La lontananza dei mercati di approvvigionamento come fattore di debolezza dei sistemi produttivi occidentali era già emersa in maniera chiara. La necessità di reinternalizzare alcune catene di subfornitura, riducendo la dipendenza e le interconnessioni da paesi lontani in cui erano state delocalizzazione larghe quote di produzione, ora diventata la nuova priorità.

Rivedere le catene globali del valore diventa quindi, ormai, una scelta non più procrastinabile, e di fronte alla fine, di fatto, del modello della globalizzazione, “autarchia” diventa la nuova parola d’ordine, una parola che in realtà nuova non è ma che sembrava dimenticata.

Ma la storia ci insegna che non si può essere del tutto indipendenti se comunque dipendi da altri paesi per energia e materie prime, ed è per questo che l’Europa e in particolare l’Italia, sono maggiormente esposti agli effetti della crisi Ucraina e non solo per prossimità geografica.

Ma se le miniere non si creano per decreto governativo, una politica energetica più adeguata sì, ma richiede comunque tempi lunghi e ciò su cui nel frattempo si può lavorare è equilibrare il livello di dipendenza da un numero troppo limitato di Paesi.

Lo scenario che ci propone la guerra in Ucraina fa quindi da cassa di risonanza ad un contesto già molto fragile e complesso, creando un effetto ancor più devastante, con impatti allargati ad un numero ampio di settori che impone di rivedere, obtorto collo, le fonti di approvvigionamento.

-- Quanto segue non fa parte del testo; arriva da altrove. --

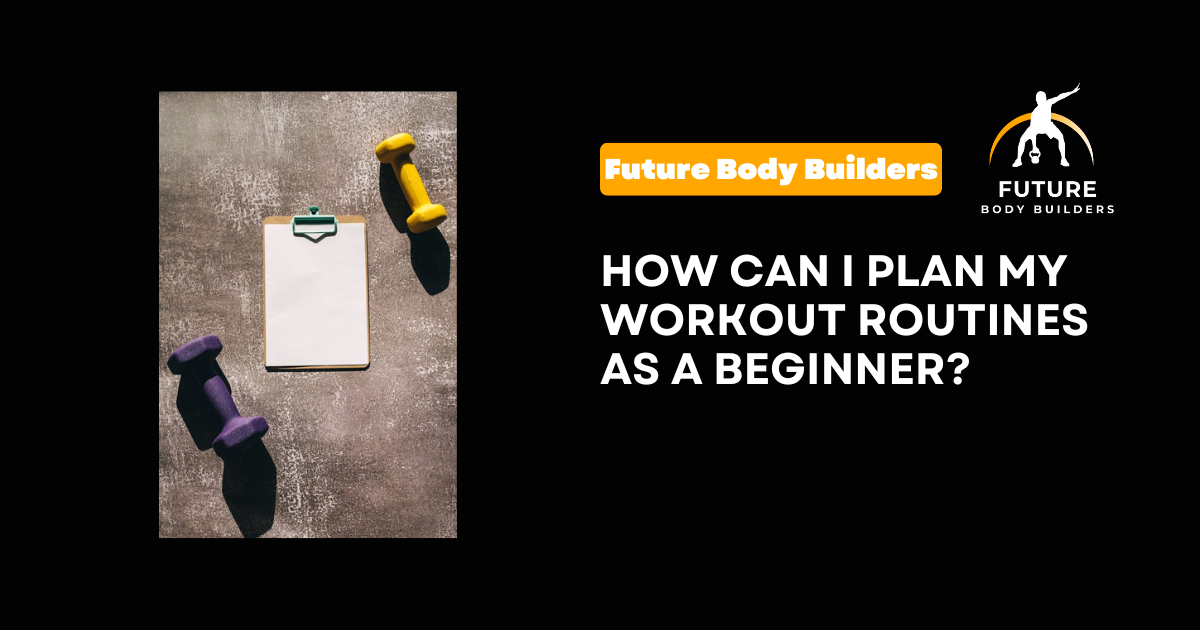 Read more about the article How Can I Plan My Workout Routines as a Beginner?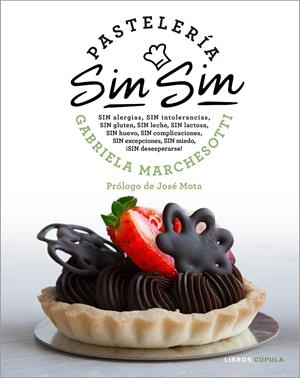 PASTELERÍA SIN SIN | 9788448025656 | MARCHESOTTI, GABRIELA | Llibreria La Font de Mimir - Llibreria online Barcelona - Comprar llibres català i castellà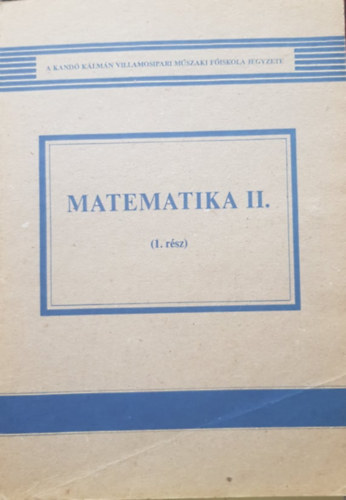 Dr. D�m�t�r G�bor  (szerk.) - Matematika II. (1. r�sz)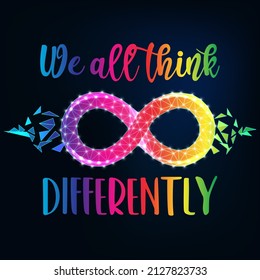 Autism awareness vector illustration. Rainbow colored infinity loop and text We all think differently 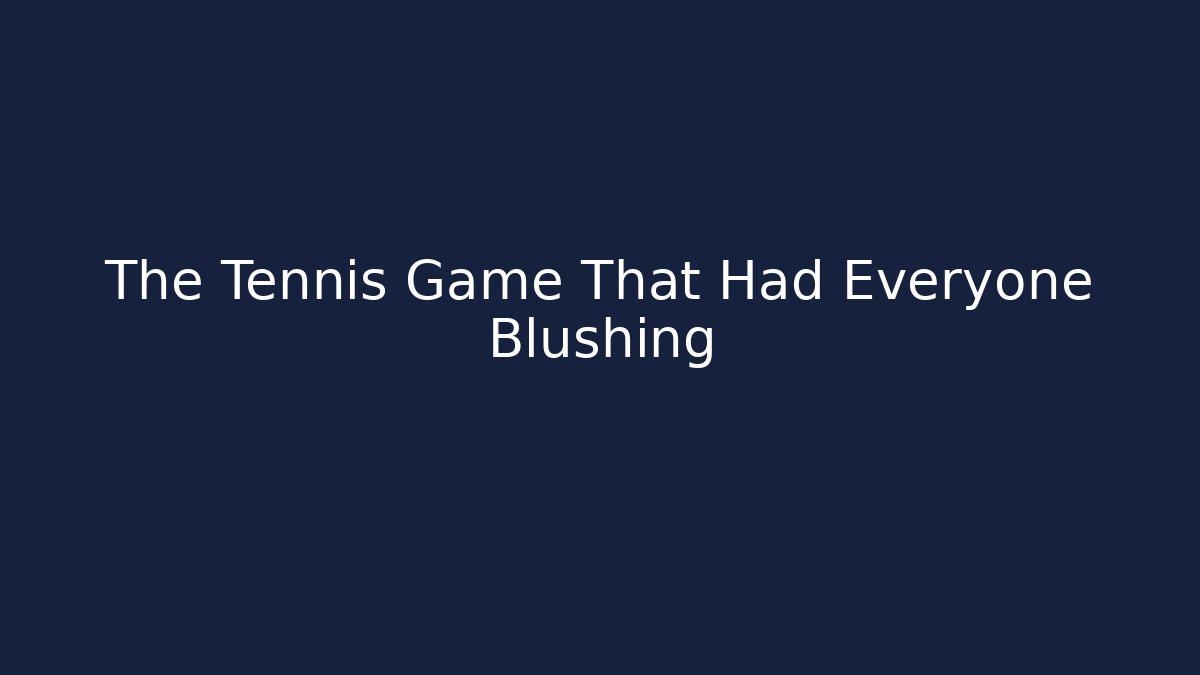The Tennis Game That Had Everyone Blushing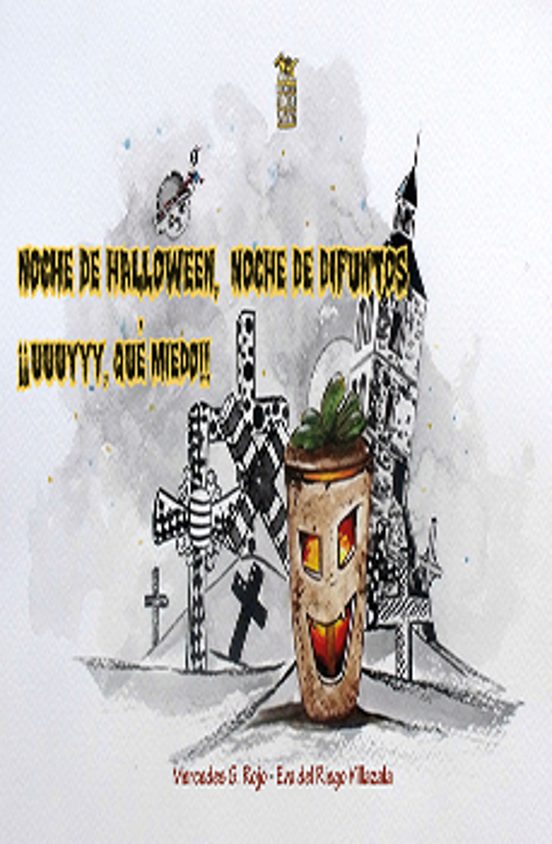 Noche De Halloween Noche De Difuntos. Ááuuuyyy Qué Miedo!!!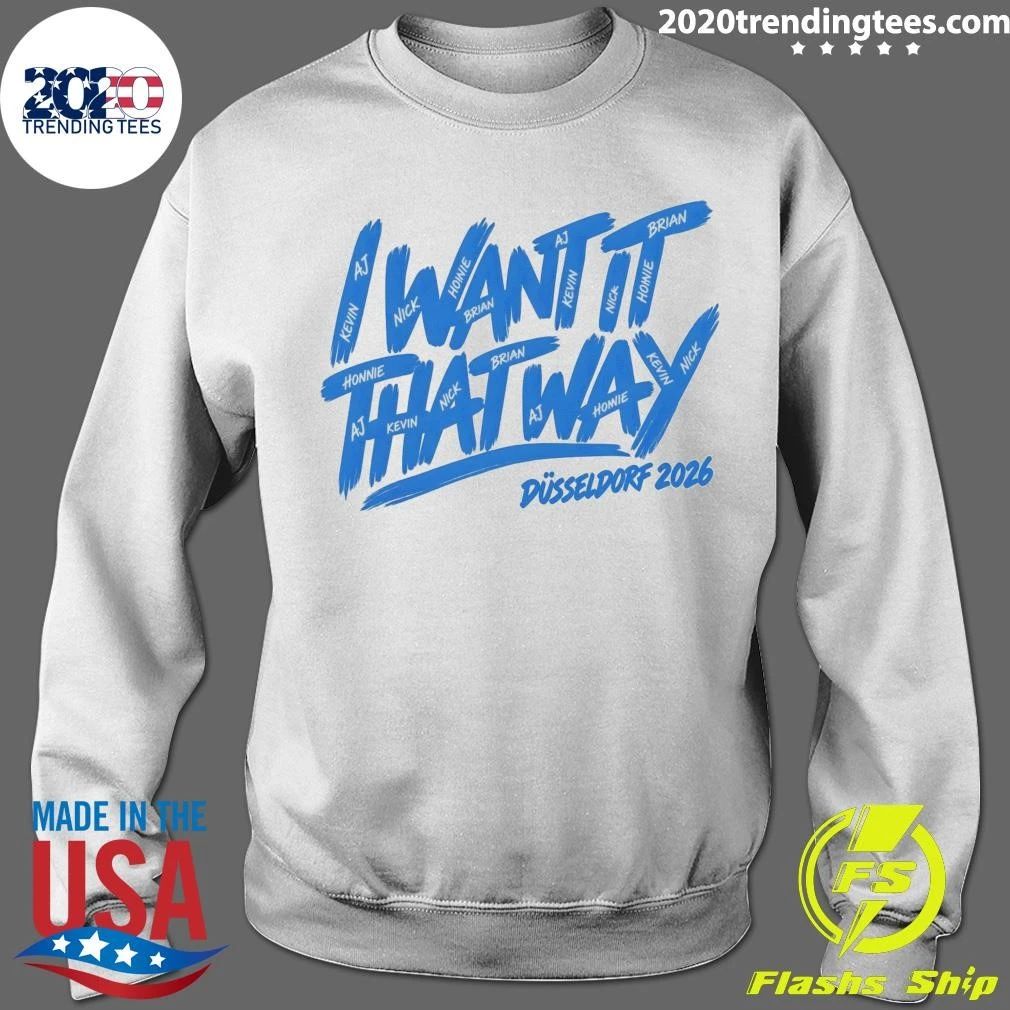 Düsseldorf 2026 I Want It That Way Fan Tee Shirt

Non è più la sola mancanza di semiconduttori o la grave carenza di microchip ad arrestare la produzione, come durante la pandemia. La distruzione o comunque le turbolenze di alcune catene di fornitura impatta un numero di settori ben più ampio rispetto ai soli di matrice tecnologica, fino a manifestare le conseguenze sulla tavola degli italiani.

Si pensi come il settore del food risenta di queste dinamiche su un duplice versante. Da un lato quello agricolo, con l’aumento del prezzo dei fertilizzanti a base di potassio e fosforo, i cui carichi sono bloccati nel Mar Nero, dall’altro l’aumento del prezzo di materie prime fondamentali per l’industria alimentare italiana come grano e frumento.

Dinamiche tutte strettamente interconnesse tra di loro, con il grano, sempre per usare lo stesso esempio, che non solo non può partire dall’Ucraina, ma è è impattato anche in termini di semina e applicazioni di fertilizzanti, che sarebbero dovute avvenire proprio in questo periodo ma che a causa del conflitto rischiano di saltare. La tanto amata italica pasta rischia così di diventare sempre più costosa.

Il quadro che ci troviamo di fronte è quello di dinamiche inflative delle commodities che hanno spinte diverse. Le principali Supply Chain, erano già andate sotto stress prima della guerra in Ucraina e non solo per l’effetto del Covid.

L’impatto sull’edilizia dell’aumento del prezzo di molteplici materiali, a causa del caro energia e dell’aumento del prezzo delle quote di CO2 ne é un esempio plastico, ed il cui effetto è drammatico soprattutto perché riguarda un settore che si trova, con il Pnrr, di fronte alla più grande sfida dai tempi della ricostruzione.

Si pensi inoltre alle criticità di approvvigionamento in Europa dovuti alle interruzioni di prodotti siderurgici intermedi e finiti, come ad esempio ghisa e lastre.

A preoccupare sono inoltre le possibili carenze di metalli essenziali come palladio, alluminio e nichel, che rischiano di creare ulteriori interruzioni nelle catene di approvvigionamento globali già indebolite dalla pandemia, come nel caso dei semiconduttori.

Il palladio, ad esempio, viene utilizzato nella produzione automobilistica, nei telefoni cellulari e persino nelle otturazioni dentali, mentre il nichel per produrre batterie e auto elettriche.

In questo contesto sempre più complesso, in cui gli elementi di fragilità sono così strettamente legati tra di loro da metterci in un costante “rischio di effetto domino”, risulta sempre più fondamentale per chi governa capire in anticipo i rischi e l’impatto che potranno avere su ogni settore produttivo queste dinamiche, cercando di individuare, come si sta facendo per l’energia, fonti di approvvigionamento alternative, potenziare la produzione interna, per riequilibrare le catene globali e rafforzare la capacità di resilienza del nostro Paese.